* PROBLEM REQUIREMENTS *
Set down, word for word, each line from the top of the data through the line that has "woman eating banana"; omit every picture.

BEGIN THE RECORDS

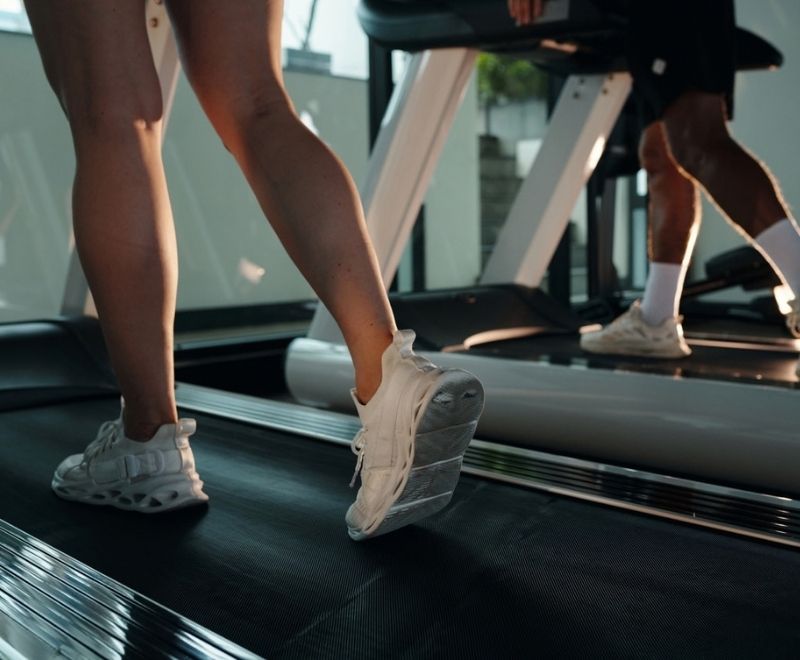 Lower legs walking on a treadmill as an example of exercise that supports vein health and circulation.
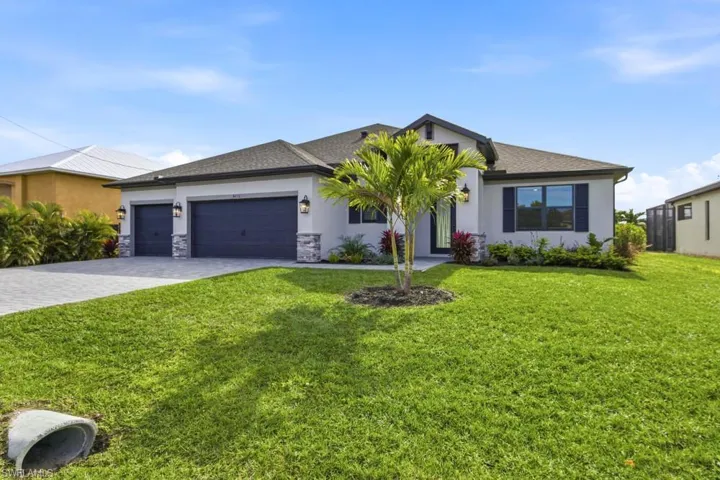 Ranch-style house featuring a front lawn, decorative driveway, stucco siding, a shingled roof, and an attached garage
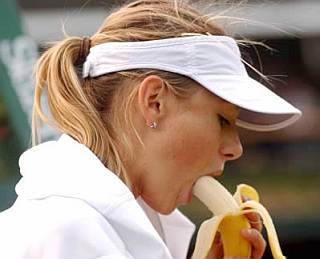 woman eating banana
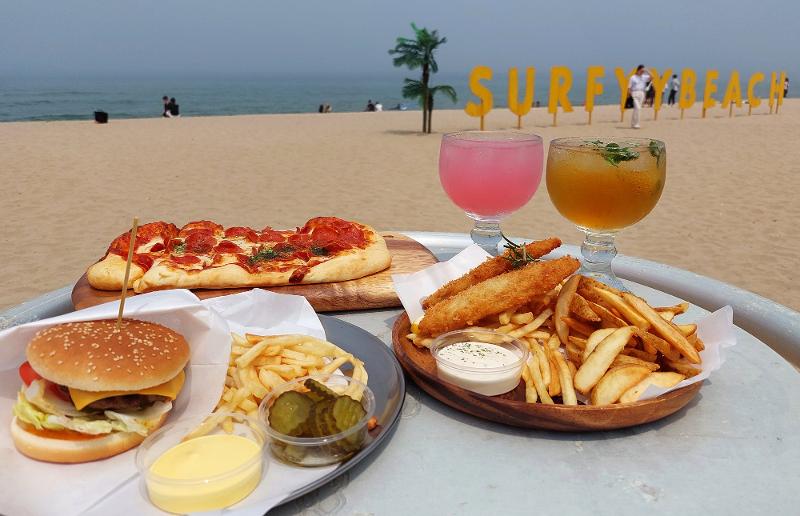 A slew of foods like pizza, hamburgers, and fish and chips as well as beer and cocktails are offered at the sunset bars of Surfyy Beach, creating an exotic experience for visitors. (Anais Faure)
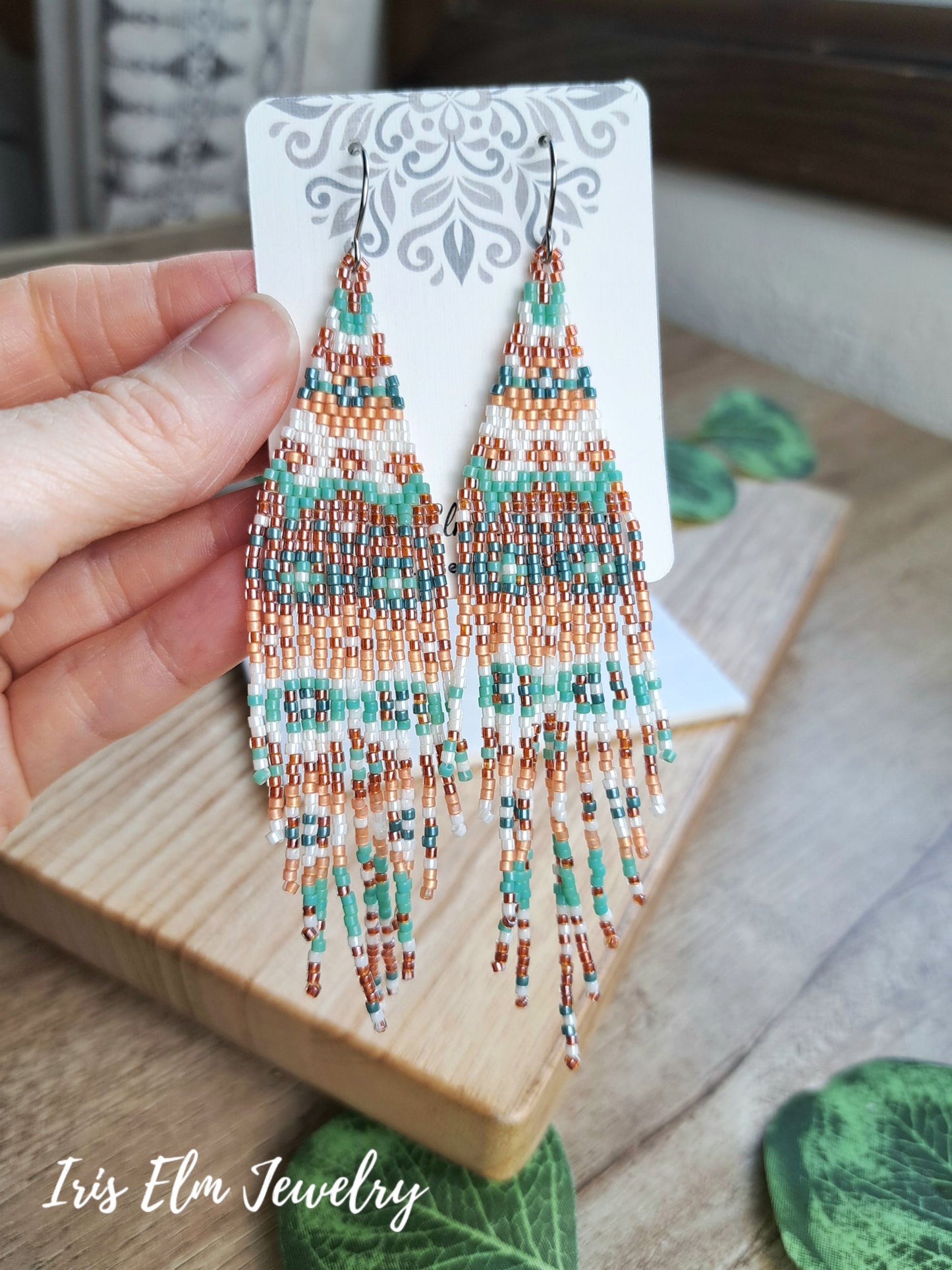 A hand holds a pair of long beaded fringe earrings on a white display card. The earrings feature intricate geometric beadwork in turquoise, white, and copper-peach, hanging from silver-toned hooks.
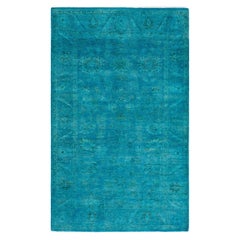 Alfombra contemporánea de lana anudada a mano de color azul vibrante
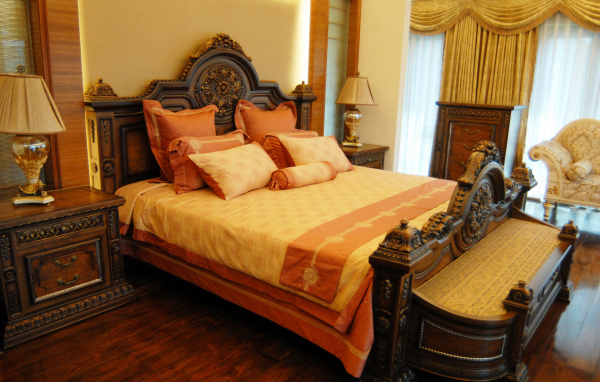 Большая деревянная кровать в спальне с оранжевым интерьером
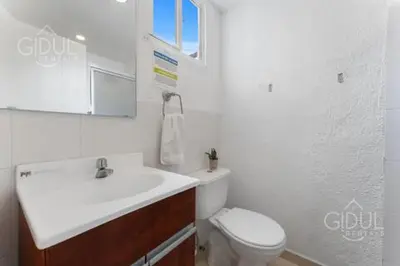 a white bathroom with a sink and a toilet at The Cozy Apartment in San Salvador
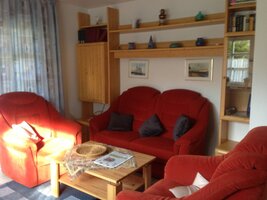 Sitzecke (zwei Sessel, ein Sofa, ein Holztisch) im Wohnzimmer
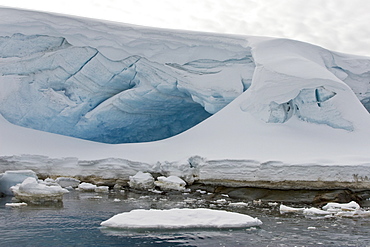 An ice cave formed on rocks at the Heroina Island Group near the Antarctic Peninsula.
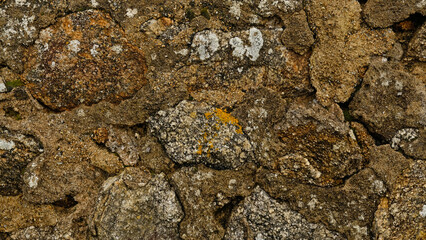 Texture of beige stone wall with rough masonry and uneven surface. Smooth, cracked surface. Old castle wall of stone different shape. Pattern with neutral colors. Minimal, stylish, trend concept.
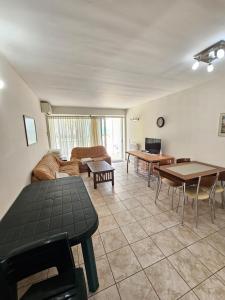 a living room with a couch and a table at Sunset on the Beach Apartment in Eretria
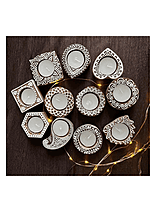 Close-up of scented wooden tea light candle holder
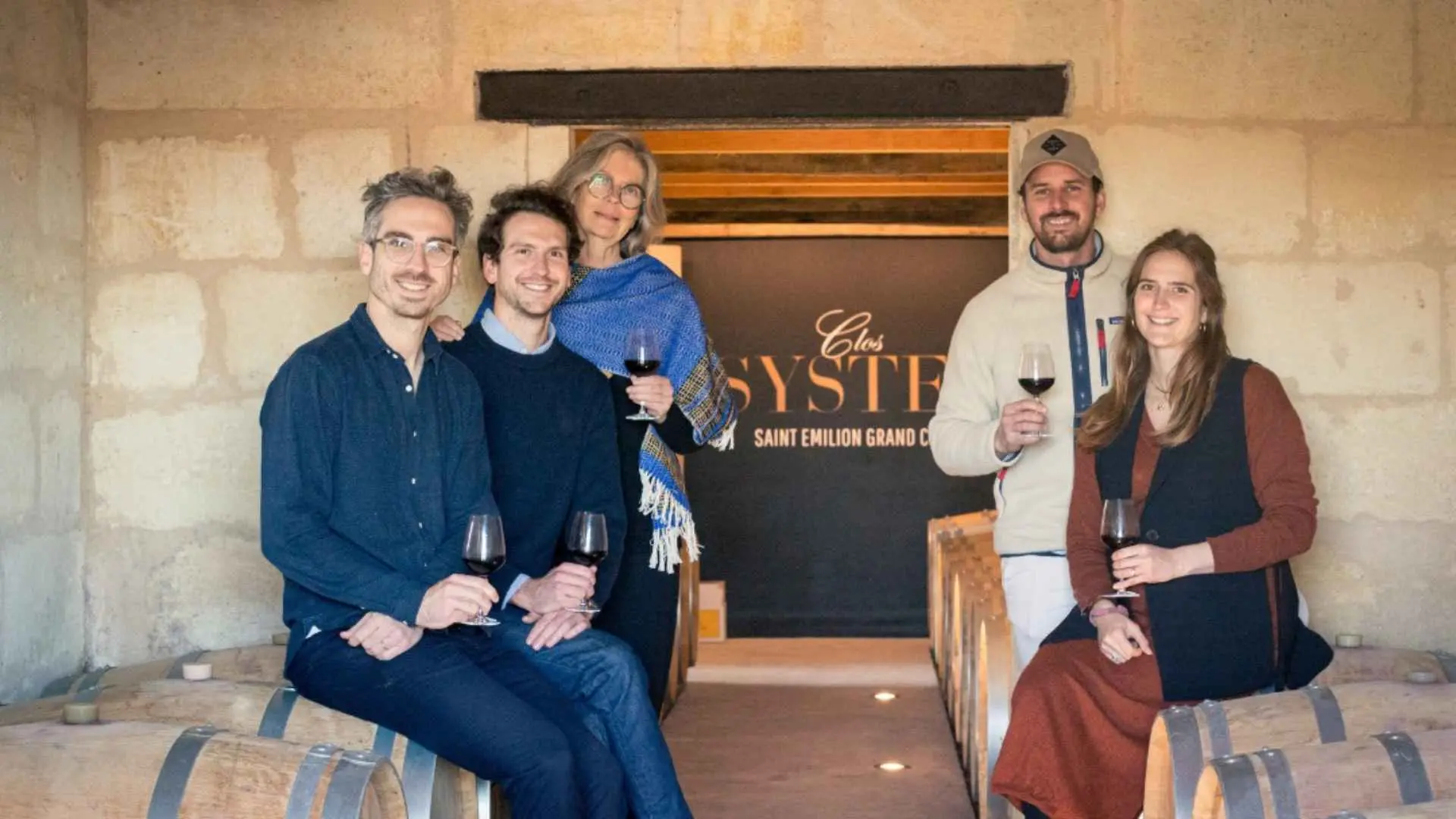 The image shows Clos Systey workers seated on top of wine barrels in a stone room. Behind them is a sign with the brand name.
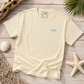 A cream-colored short-sleeve t-shirt with a small light blue wave graphic and 'Beachside Apparel' text on the left chest, laid flat on a rustic wooden surface surrounded by beach-themed props like a starfish, seashell, driftwood, and palm leaves.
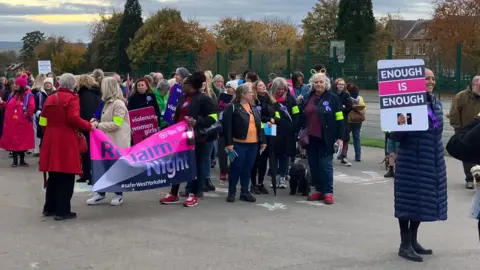 A woman in a long blue coat holds a placard reading 'enough is enough' while a group of women gather behind holding banners that say reclaim the night. They are wearing yellow arm bands.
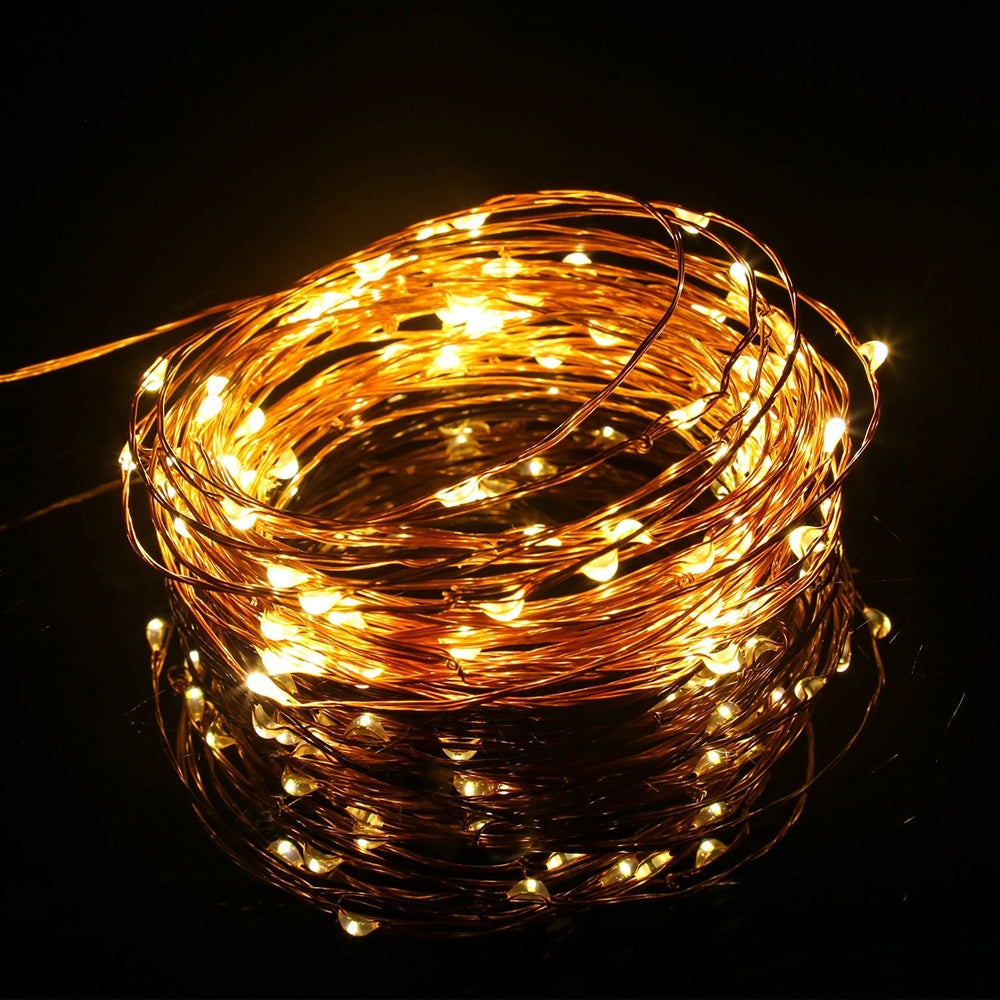 Coil of lit warm white copper wire fairy lights
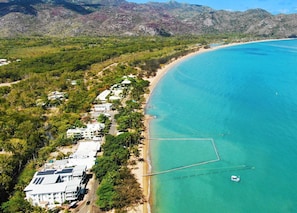 An aerial view of a coastal area with a beach, buildings, and clear blue water.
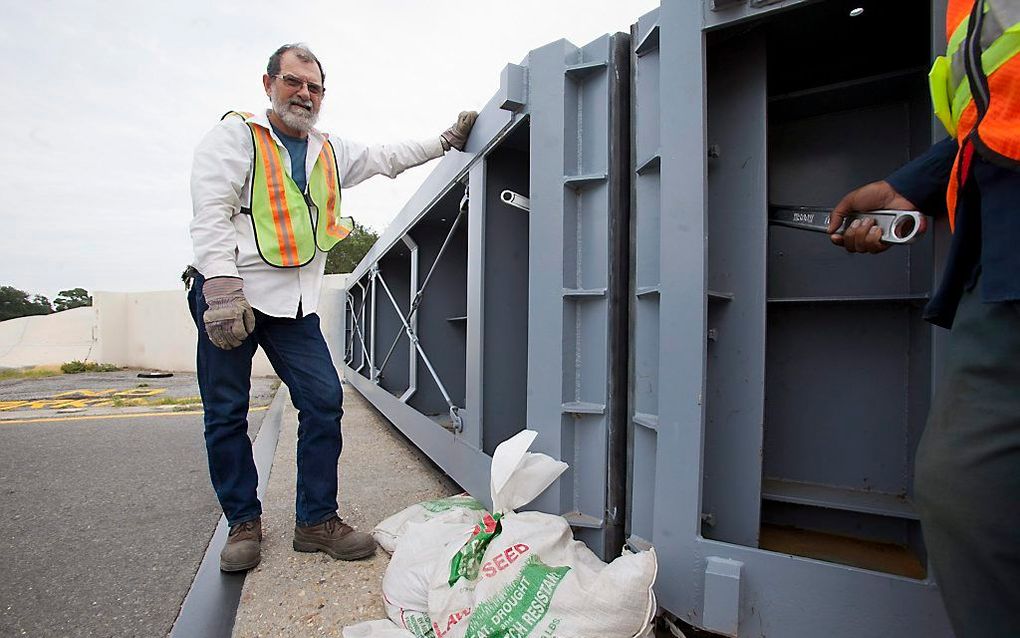 Een gemeentewerker sluit een waterkering bij New Orleans. De tropische storm Isaac is in aantocht. Foto EPA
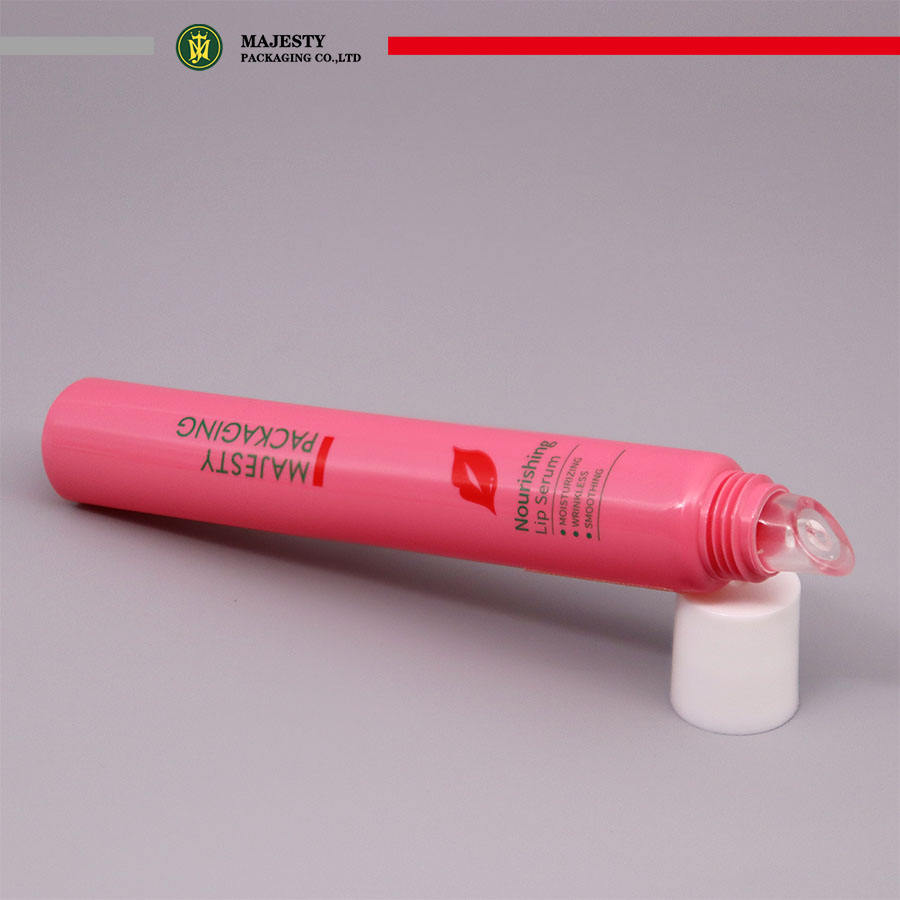 Tubes en plastique faits sur commande de couvercle d'emballage de baume à lèvres avec le tube en plastique de brillant à lèvres d'applicateur de silicone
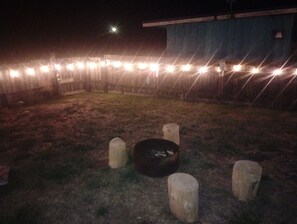 A fenced outdoor area with a fire pit and wooden posts.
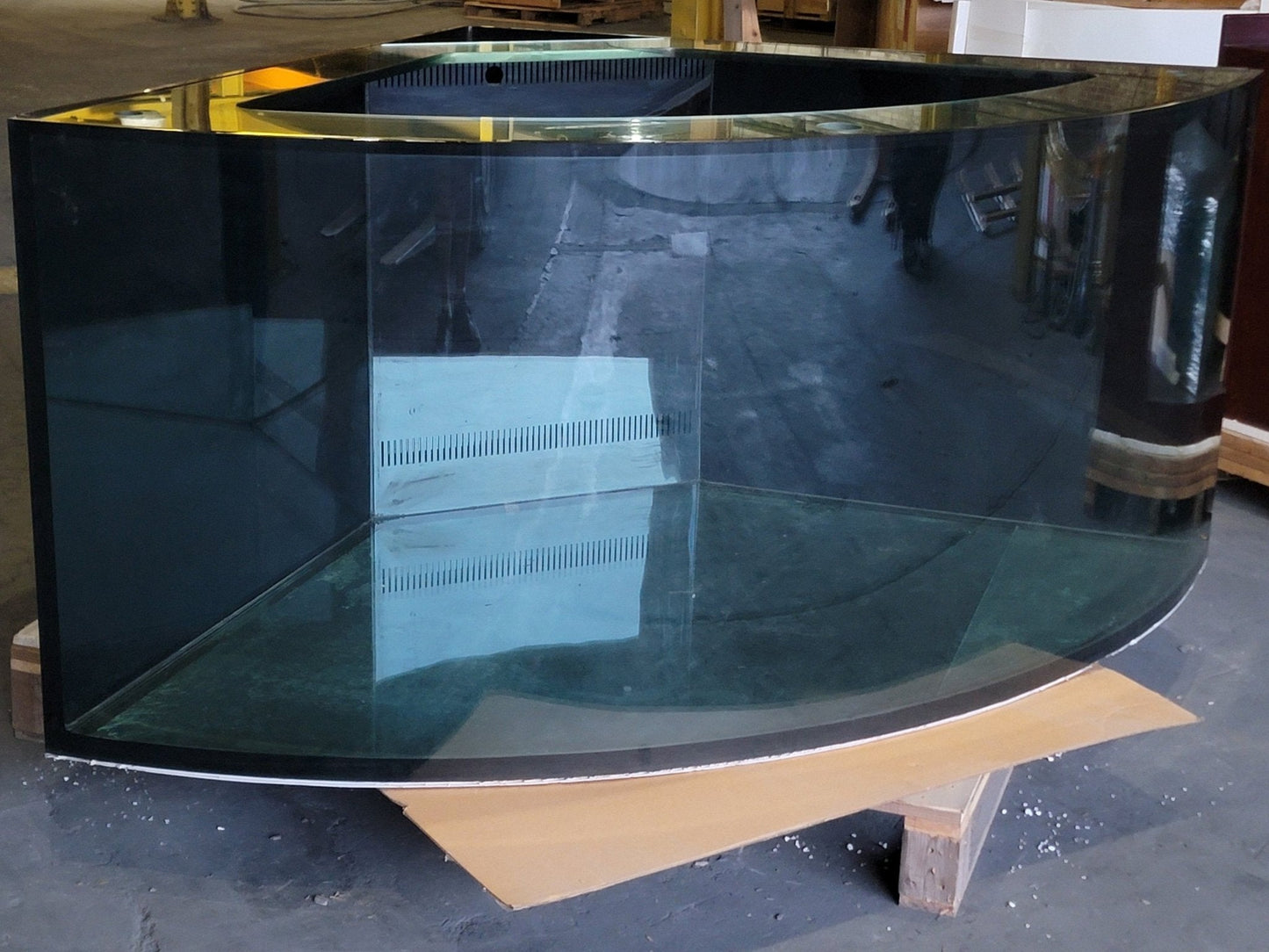 Large black curved glass panel on a stand in an indoor setting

END THE RECORDS

* WRITTEN ANSWER *
 Lower legs walking on a treadmill as an example of exercise that supports vein health and circulation.
 Ranch-style house featuring a front lawn, decorative driveway, stucco siding, a shingled roof, and an attached garage
 woman eating banana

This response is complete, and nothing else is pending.